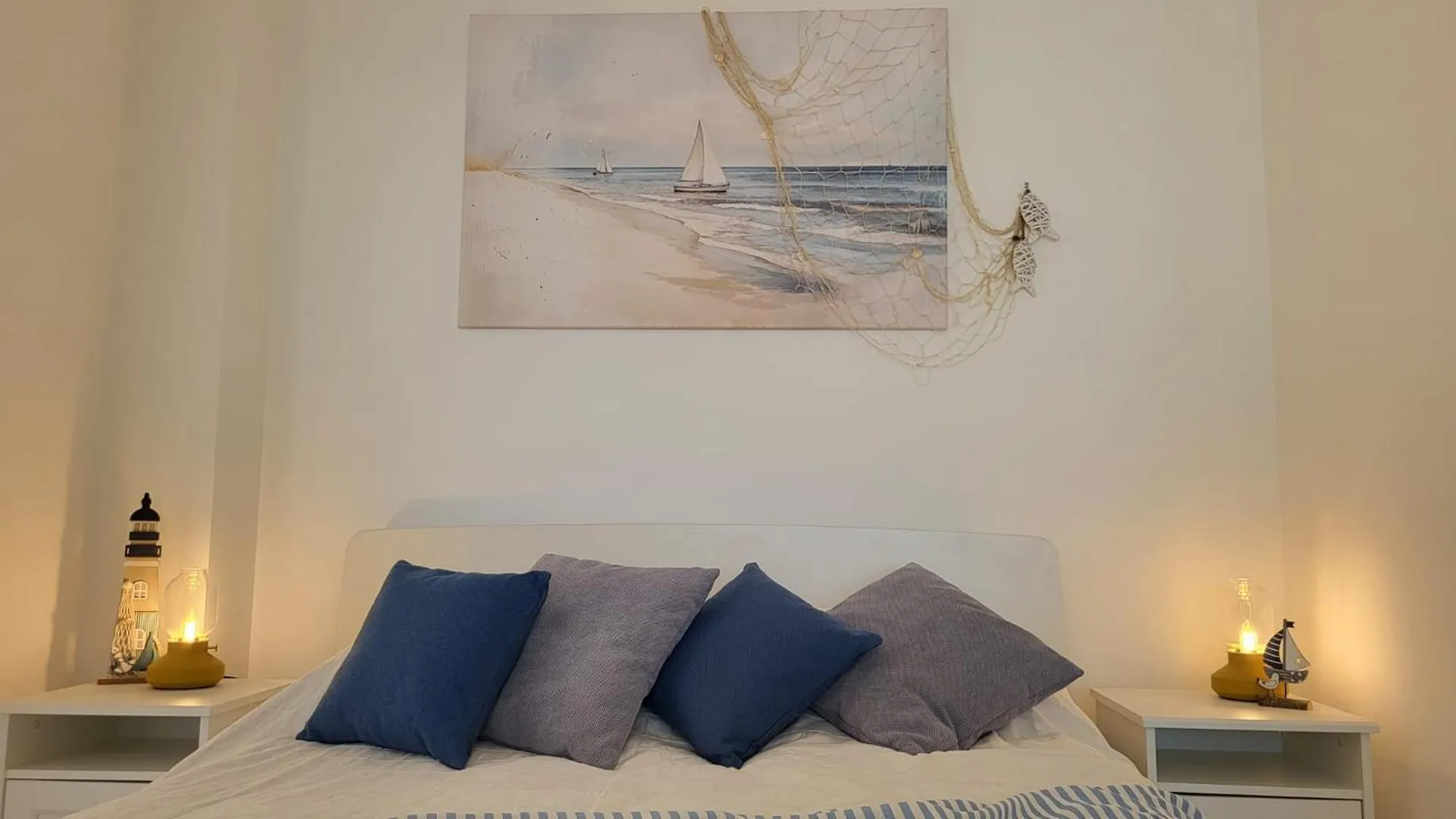 The Seafront Pearl - Ostia Apartment  Lido di Ostia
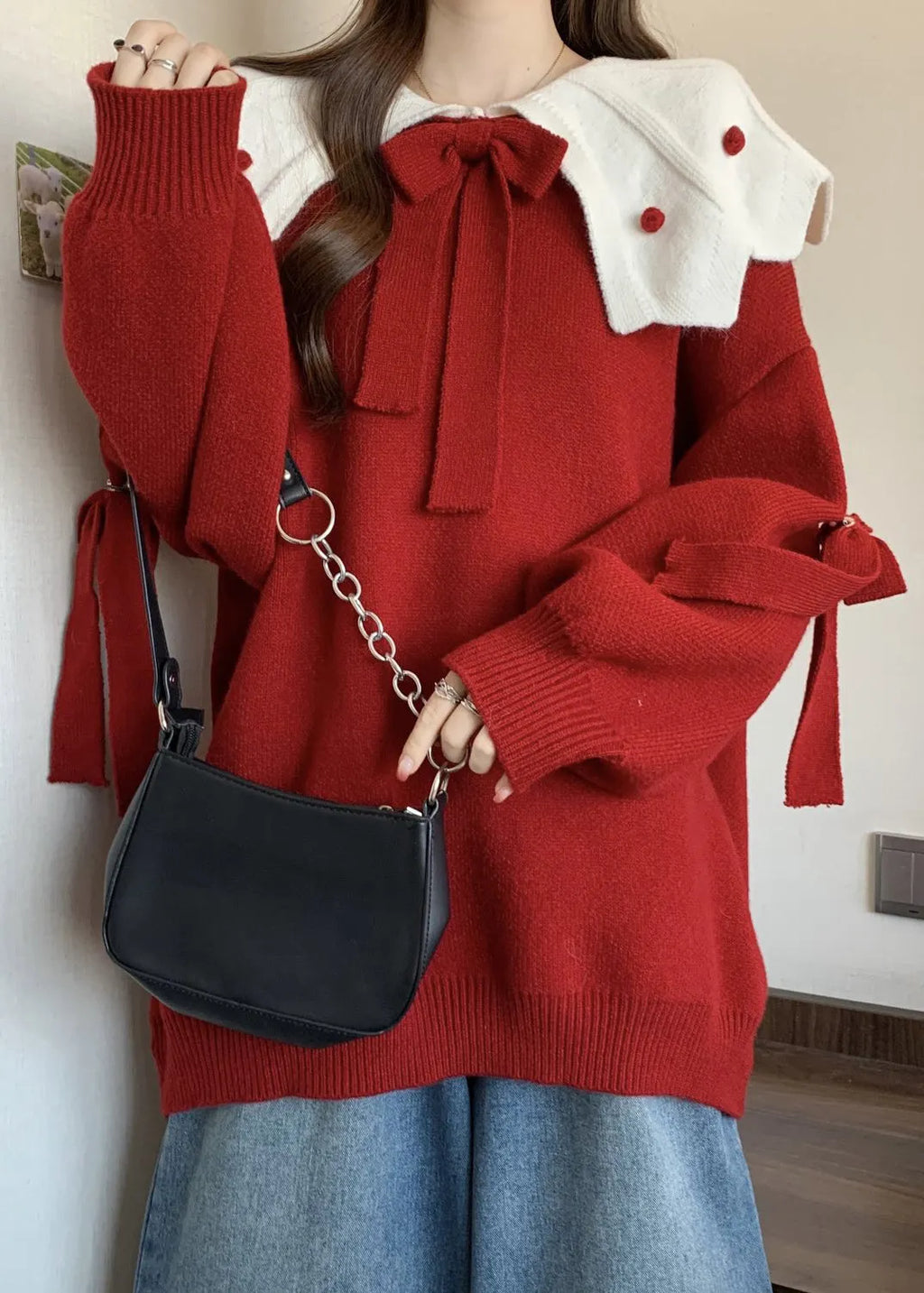 Classic Vintage & Enduringly Stylish Sweater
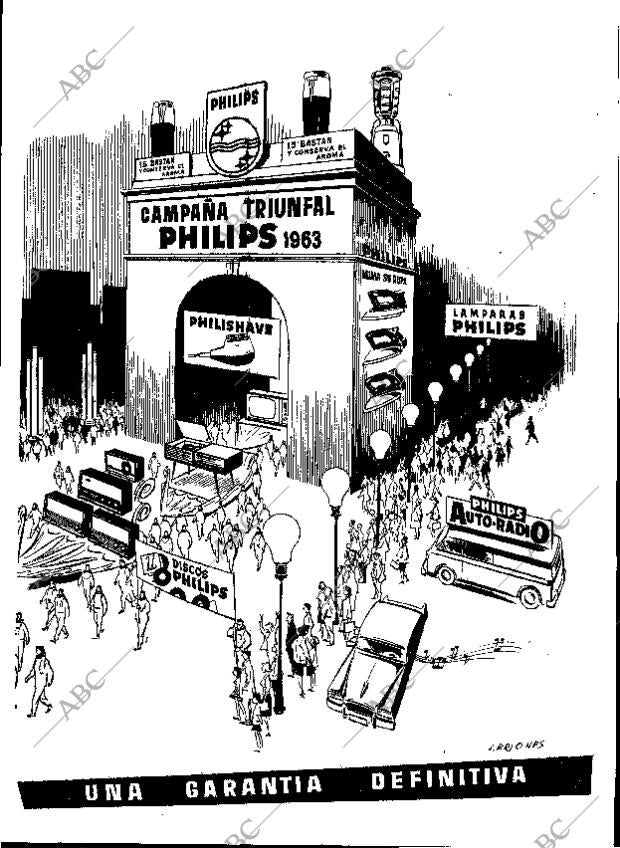 ABC MADRID 12-10-1962 página 19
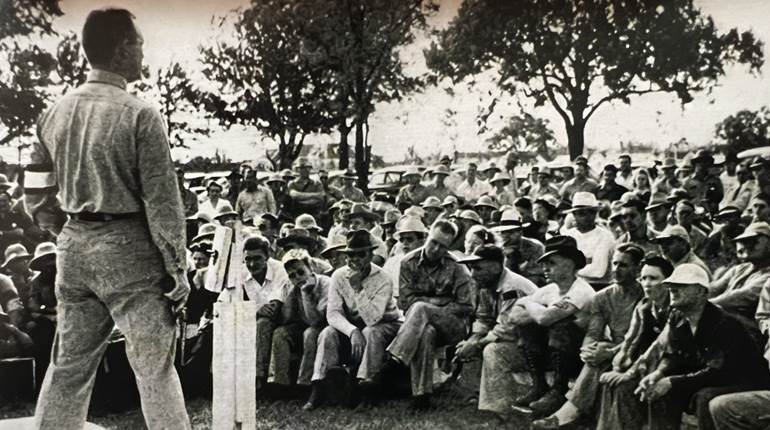 An Abbreviated Competition Program: 1941 National Matches | An NRA Shooting Sports Journal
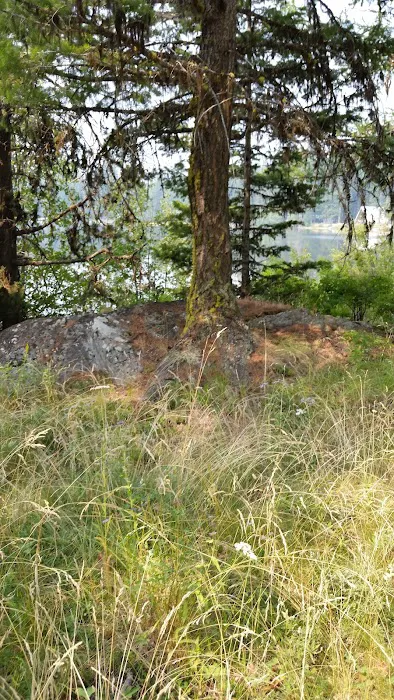 Crawfish Lake Campground Picture 9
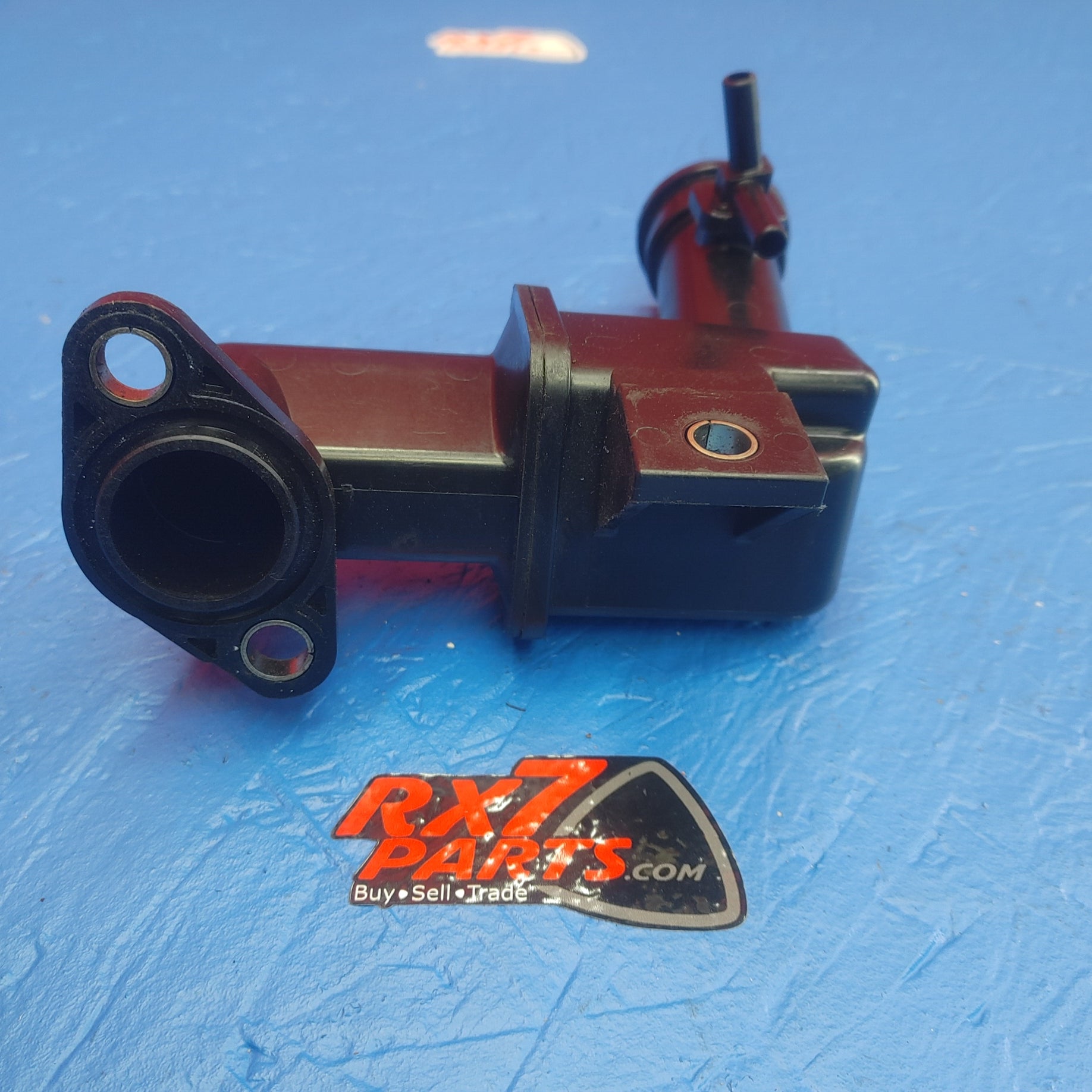 LHD, RHD Oem Oil Filler Tube SH1B3/9 RX7 FD FD3S 93 - 02 Mazda - RX7Parts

GOAL OF THE EXERCISE ::
Write out the entries again, word for word. No images.

OUTPUT ::
 The Seafront Pearl - Ostia Apartment  Lido di Ostia
 Classic Vintage & Enduringly Stylish Sweater
 ABC MADRID 12-10-1962 página 19
 An Abbreviated Competition Program: 1941 National Matches | An NRA Shooting Sports Journal
 Crawfish Lake Campground Picture 9
 LHD, RHD Oem Oil Filler Tube SH1B3/9 RX7 FD FD3S 93 - 02 Mazda - RX7Parts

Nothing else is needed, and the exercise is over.